▶ _WHAT YOU WILL DO_
Below are entries to be transcribed exactly; exclude the pictures from the copy.

Crawled caption data
================================
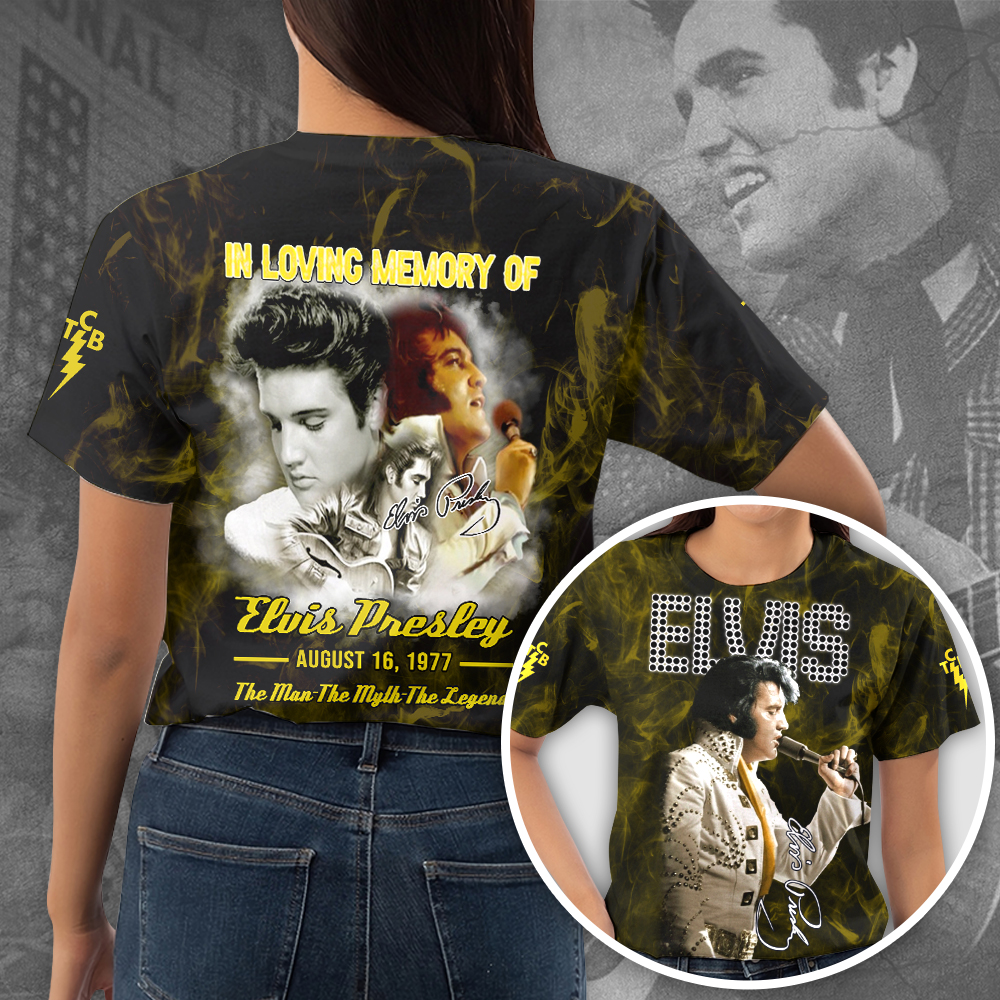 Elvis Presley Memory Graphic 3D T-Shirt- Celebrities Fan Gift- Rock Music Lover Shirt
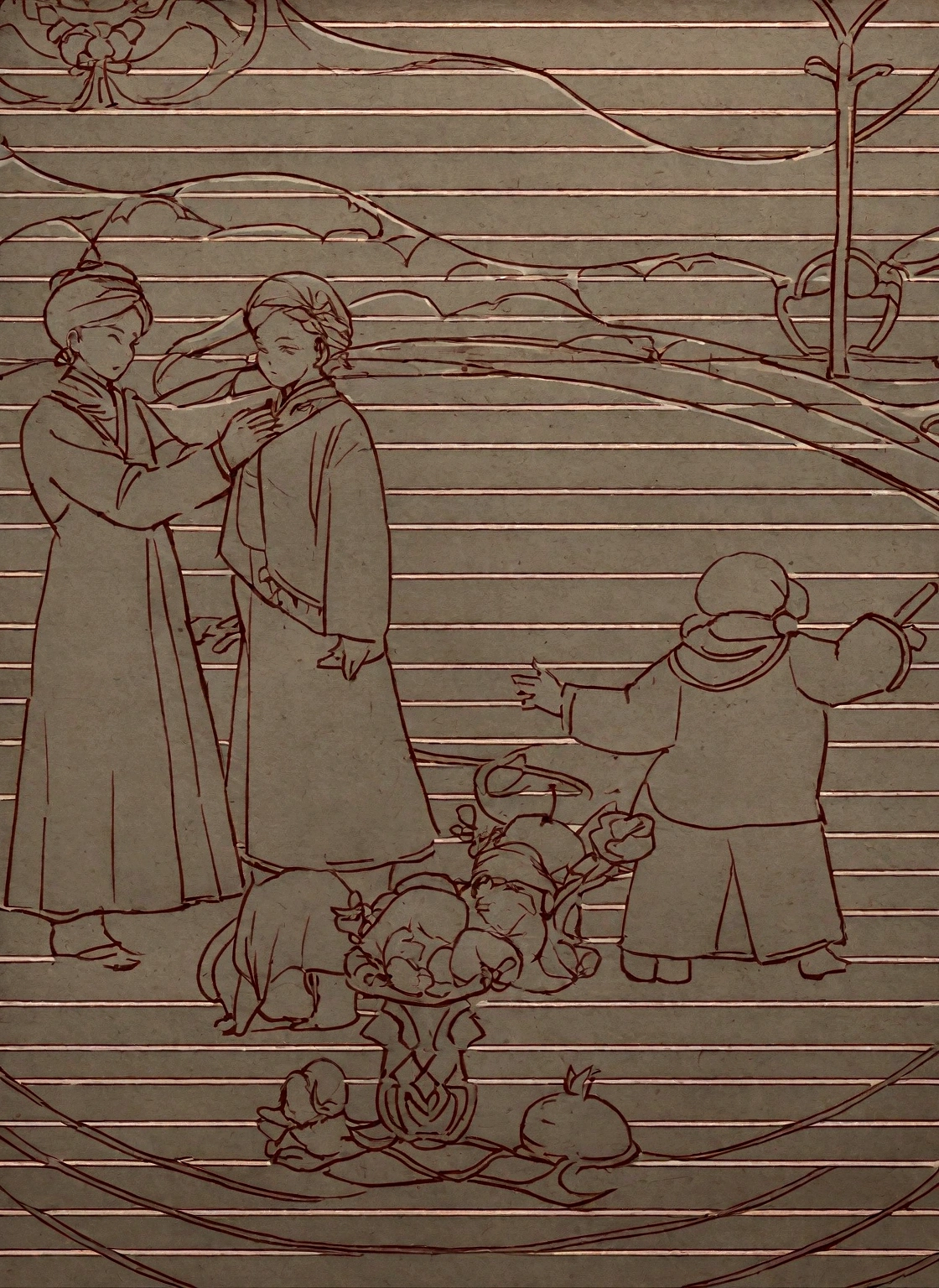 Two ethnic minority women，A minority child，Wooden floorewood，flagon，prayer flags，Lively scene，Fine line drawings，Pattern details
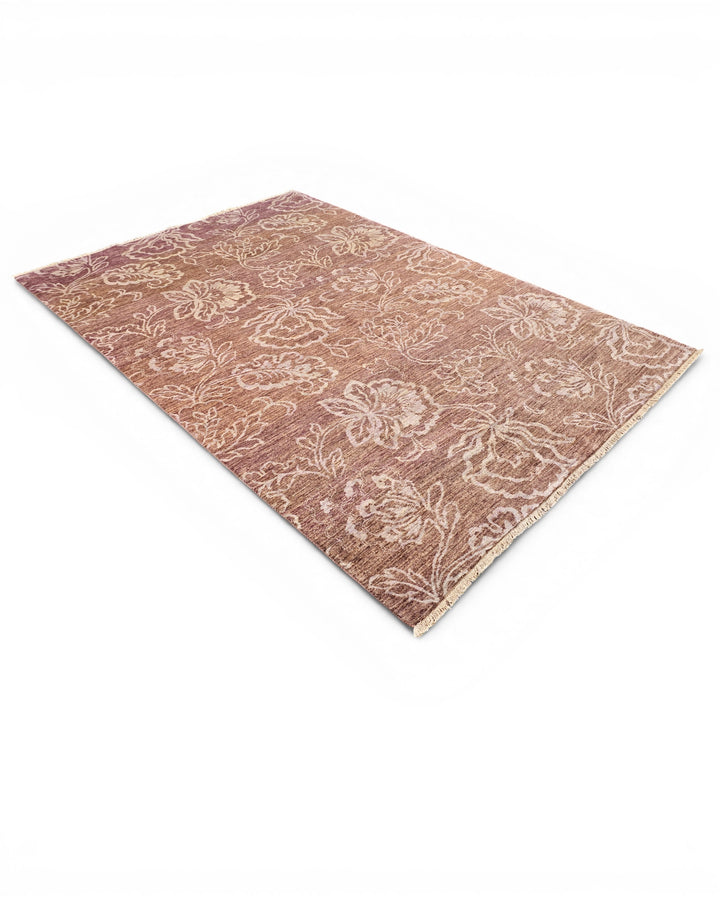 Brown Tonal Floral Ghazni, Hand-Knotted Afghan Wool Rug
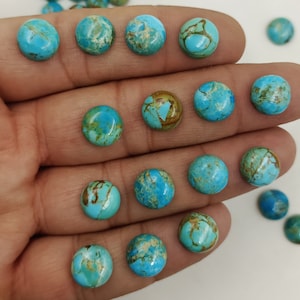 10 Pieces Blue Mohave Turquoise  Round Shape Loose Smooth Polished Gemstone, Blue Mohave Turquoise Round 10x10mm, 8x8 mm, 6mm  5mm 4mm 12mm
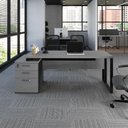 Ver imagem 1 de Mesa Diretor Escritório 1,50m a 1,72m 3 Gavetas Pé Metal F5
================================
▶ _ANSWER_
 Elvis Presley Memory Graphic 3D T-Shirt- Celebrities Fan Gift- Rock Music Lover Shirt
 Two ethnic minority women，A minority child，Wooden floorewood，flagon，prayer flags，Lively scene，Fine line drawings，Pattern details
 Brown Tonal Floral Ghazni, Hand-Knotted Afghan Wool Rug
 10 Pieces Blue Mohave Turquoise  Round Shape Loose Smooth Polished Gemstone, Blue Mohave Turquoise Round 10x10mm, 8x8 mm, 6mm  5mm 4mm 12mm
 Ver imagem 1 de Mesa Diretor Escritório 1,50m a 1,72m 3 Gavetas Pé Metal F5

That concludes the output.